Rio 2016 Olympics: Happy culmination of hopeful dreams for two fathers

Sumeeth Reddy and Manu Attri weren’t wholesomely encouraged by their fathers, both PE teachers, who had seen the harsher side of India’s sporting system.

Rio 2016 Olympics, Rio Olympics 2016, 2016 Olympics, Manu Attri, Sumeeth Reddy, Manu Attri, Chandra Bhasker Reddy, Sports, Sports News Chandra Bhasker Reddy was scarred after he was called irresponsible coach for no fault of his. (Source: Express Photo/Prajeesh)

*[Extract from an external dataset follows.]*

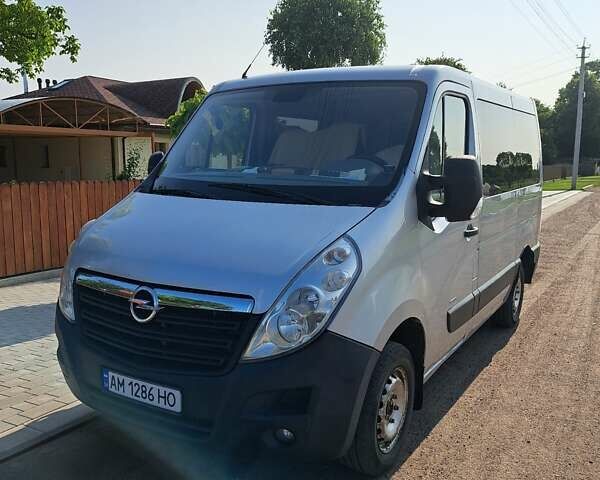 Серый Опель Movano, объемом двигателя 2.3 л и пробегом 275 тыс. км за 12000 $, фото 8 на Automoto.ua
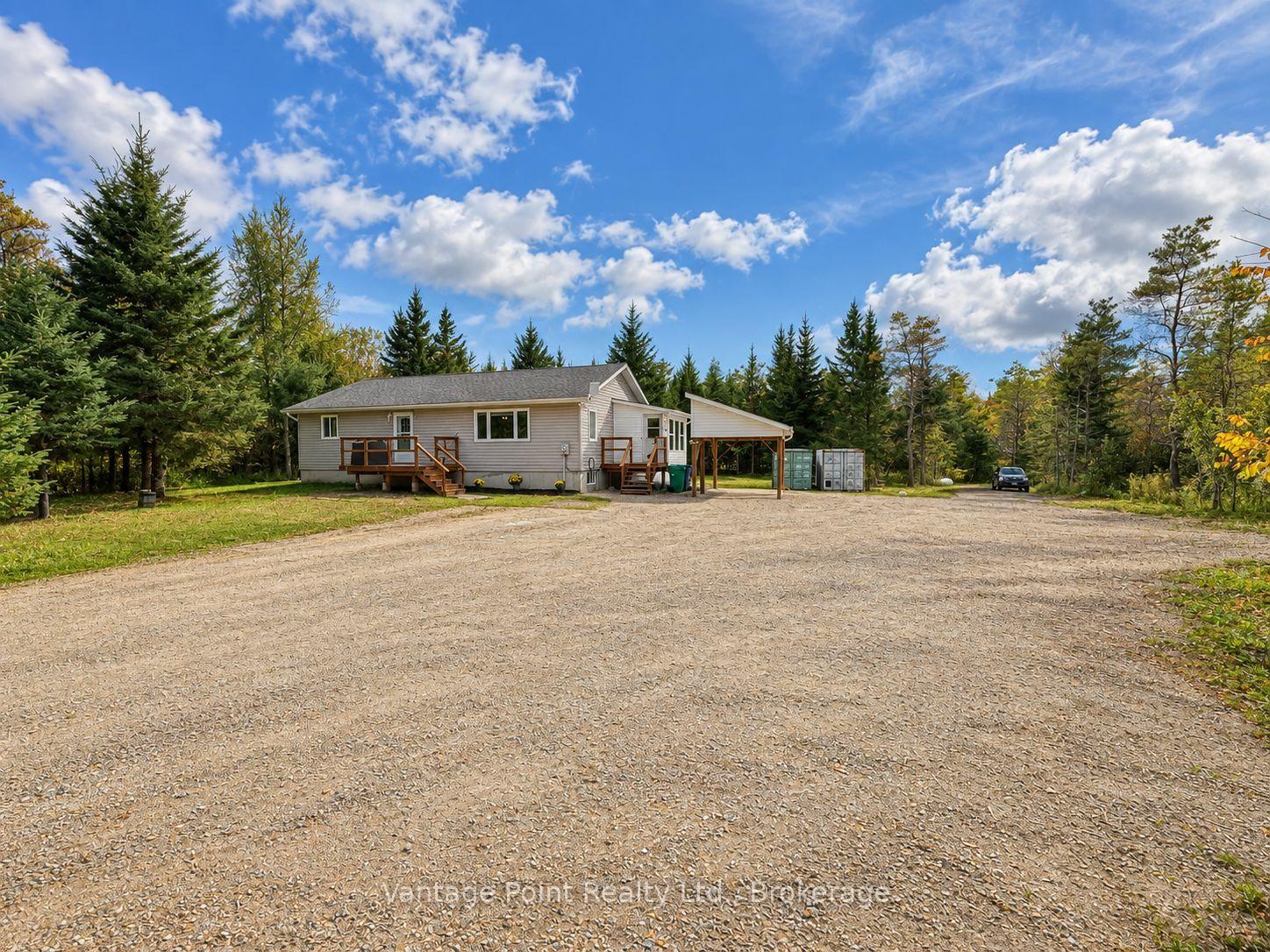 736038-west-back-line-chatsworth-ontario-x13862080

They are nothing like the ubiquitous coach: that revered, larger-than-life institution in American school and college sport. Dwelling on the absolute periphery of India’s education system and caricatured as potbellied men in dull track suits with a shrill whistle strung around the neck, drilling in discipline on mass-scale to mostly disinterested students who obsess over academics, Indian PE teachers cut a sorry figure on our sport-scape. Not for them, the high salaries and higher salutations reserved on the campus for American football and baseball coaches.

Chandra Bhasker Reddy (56) and Raja Ram Attri (57) have spent years donning roles of athletics coaches, as cynicism about sport–an erstwhile, deep passion in their youth–crept up their minds, like mildew climbs up walls. Losing talent to academics was common among students, as was watching the helpless implosion of charges who just didn’t show the fight to transition from being great school / college athletes to international stars. So, Sumeeth Reddy and Manu Attri did not grow up in the protective shade of naive, excited hopes of a parent who wants to make his child a sport-star.

These were fathers who told their sons what Indian sport exactly and realistically looked like–complete with its politics and pettiness to go with the sweat and tears. However, as they embark on the first-ever journey for an Indian men’s doubles pairing in badminton headed to the Olympics, Sumeeth and Manu will have two of the loudest cheerleaders in their respective fathers. It’s a happy culmination of hopeful dreams for two fathers.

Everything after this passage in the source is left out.